For the first time, Cummings was recognized as an artist thanks to the drawings and cartoons that were published in the literary magazine Dial in the 20s. Later he became known as a painter. Cummings also published a collection of works made by charcoal, ink, oil, pastel and watercolor in 1931.
List of Exhibitions
Throughout his life, Cummings has participated in many art exhibitions, including:
- Two paintings on display at the New York Society of Independent Artists (1919, 1920)
- Painting Exhibition at the New York Gallery of Painters and Sculptors (1931)
- Exhibition at the Kokoon Club, Cleveland , Ohio (1931)
- An exhibition of paintings and watercolors at the American British Art Gallery, New York (1944)
- Exhibition of paintings, watercolors and studies in Rochester , New York (1945)

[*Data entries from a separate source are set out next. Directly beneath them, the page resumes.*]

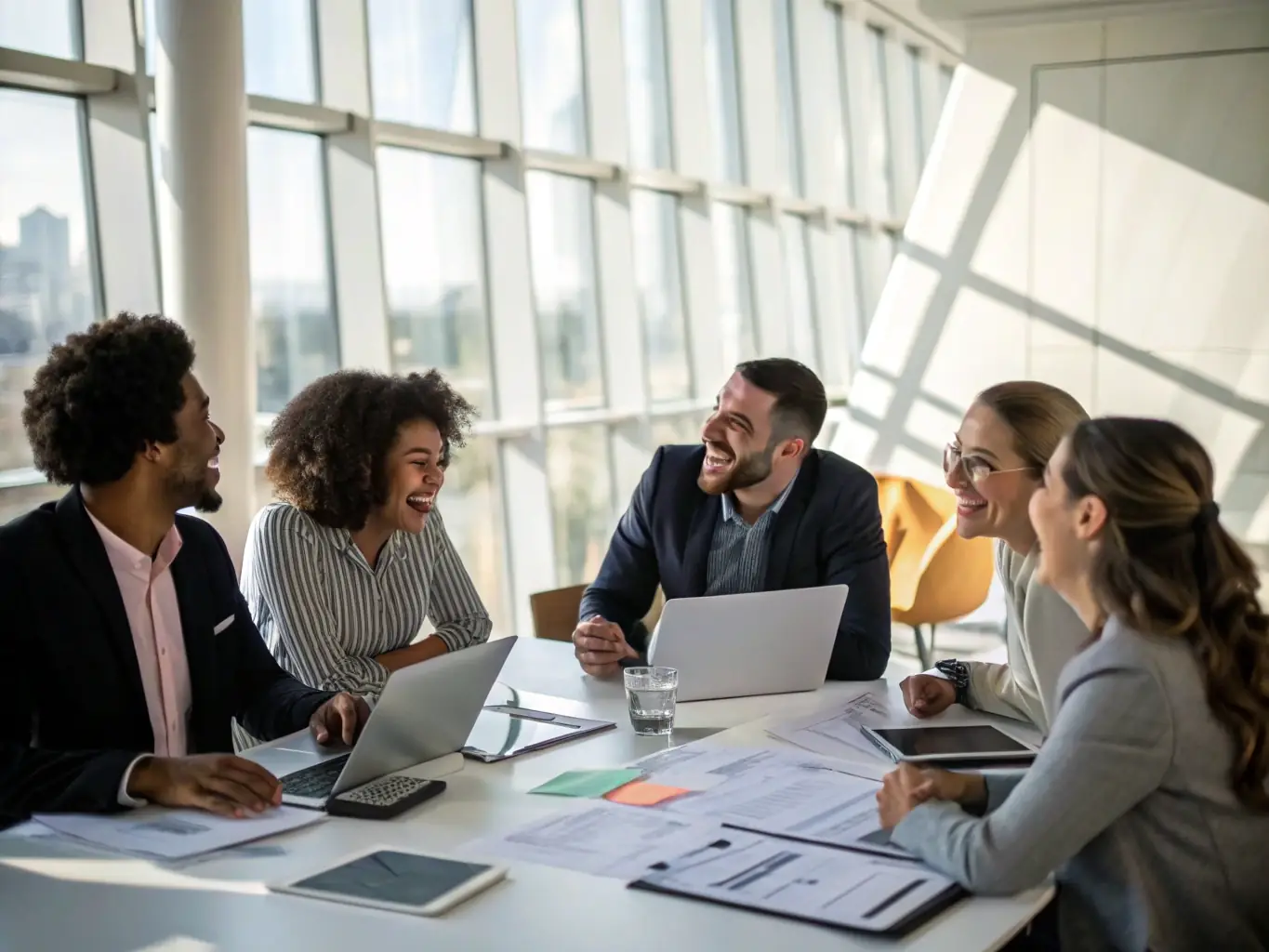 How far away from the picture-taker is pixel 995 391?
2756mm

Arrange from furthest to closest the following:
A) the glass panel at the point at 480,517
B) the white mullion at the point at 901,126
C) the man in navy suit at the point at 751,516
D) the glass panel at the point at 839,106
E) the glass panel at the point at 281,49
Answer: the white mullion at the point at 901,126 → the glass panel at the point at 839,106 → the glass panel at the point at 480,517 → the glass panel at the point at 281,49 → the man in navy suit at the point at 751,516

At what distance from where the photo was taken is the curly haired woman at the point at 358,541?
9.96 ft

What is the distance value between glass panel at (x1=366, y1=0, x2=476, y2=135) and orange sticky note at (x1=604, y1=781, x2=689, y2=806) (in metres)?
4.63

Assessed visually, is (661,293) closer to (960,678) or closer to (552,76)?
(552,76)

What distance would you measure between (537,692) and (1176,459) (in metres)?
1.47

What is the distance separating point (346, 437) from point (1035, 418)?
153 centimetres

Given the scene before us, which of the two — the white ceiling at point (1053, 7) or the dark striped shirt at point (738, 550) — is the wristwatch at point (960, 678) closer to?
the dark striped shirt at point (738, 550)

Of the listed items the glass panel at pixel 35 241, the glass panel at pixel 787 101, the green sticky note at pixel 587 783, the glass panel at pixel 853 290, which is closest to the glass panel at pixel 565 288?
the glass panel at pixel 787 101

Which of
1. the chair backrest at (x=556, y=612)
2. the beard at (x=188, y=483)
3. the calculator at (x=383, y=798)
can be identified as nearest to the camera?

- An exhibition of paintings and watercolors at the American British Art Gallery, New York (1948)
Prizes
Throughout his life, E.E. Cummings has been awarded numerous literary prizes and awards. Among them:
- 1925 - Dial Magazine Award
- 1933 - Guggenheim Scholarship [5]
- 1944 - Percy Bysshe Shelley Prize for Contribution to the Development of Poetry
- 1950 - Harriet Monroe Award from Poetry Magazine
- 1950 - Honorary Membership at the American Academy of Poets
- 1951 - Guggenheim Scholarship
- 1952-1953 - Honorary Professor of Harvard
- 1957 - Award of the Boston Arts Festival
- 1958 - Bollingen Poetry Award
- 1959 - Ford Foundation Biennial Grant
Bibliography
- The Enormous Room (1922)
- Tulips and Chimneys (1923)
- & (1925) (samizdat)
- XLI Poems (1925)
- is 5 (1926)
- HIM (1927) (play)
- ViVa (1931)
- Eimi (1933)
- No Thanks (1935)
- Collected Poems (1938)
- 50 Poems (1940)
- 1 × 1 (1944)
- Xaipe: Seventy-One Poems (1950)
- i: six nonlectures (1953)
- Poems, 1923-1954 (1954)
- 95 Poems (1958)
- 73 Poems (1963) (posthumous)
- Fairy Tales (1965) (posthumous)
Cummings in Russia
Cummings is little known to a wide audience of Russian-speaking readers, since translations into Russian of most of his works have not yet been published.
Several published translations of Cummings' poems into Russian belong to Vladimir Britanishsky . These translations, which have been published a little since 1975 , were published in a separate volume in 2004 : E. Cummings. Selected Poems in the Translations of Vladimir Britanishsky. - M .: Ithaca magazine; The journal "Comments", 2004. ISBN 5-85677-003-X (with parallel texts in Russian and English).
Notes
- ↑ 1 2 BNF identifier : Open Data Platform 2011.
- ↑ 1 2 Encyclopædia Britannica
- ↑ 1 2 SNAC - 2010.
- ↑ German National Library , Berlin State Library , Bavarian State Library , etc. Record # 119008378 // General regulatory control (GND) - 2012—2016.
- ↑ John Simon Guggenheim Foundation | Ee cummings
Links
- The Adventures of Kemminks' Non-Comrade in the Land of Soviets: E. E. Cummings and Russia / comp., Will enter. Art. from English. V.V. Feshchenko and E. Wright; [scientific ed. A. A. Rossomakhin]. - SPb. : Publishing House of the European University in St. Petersburg, 2013.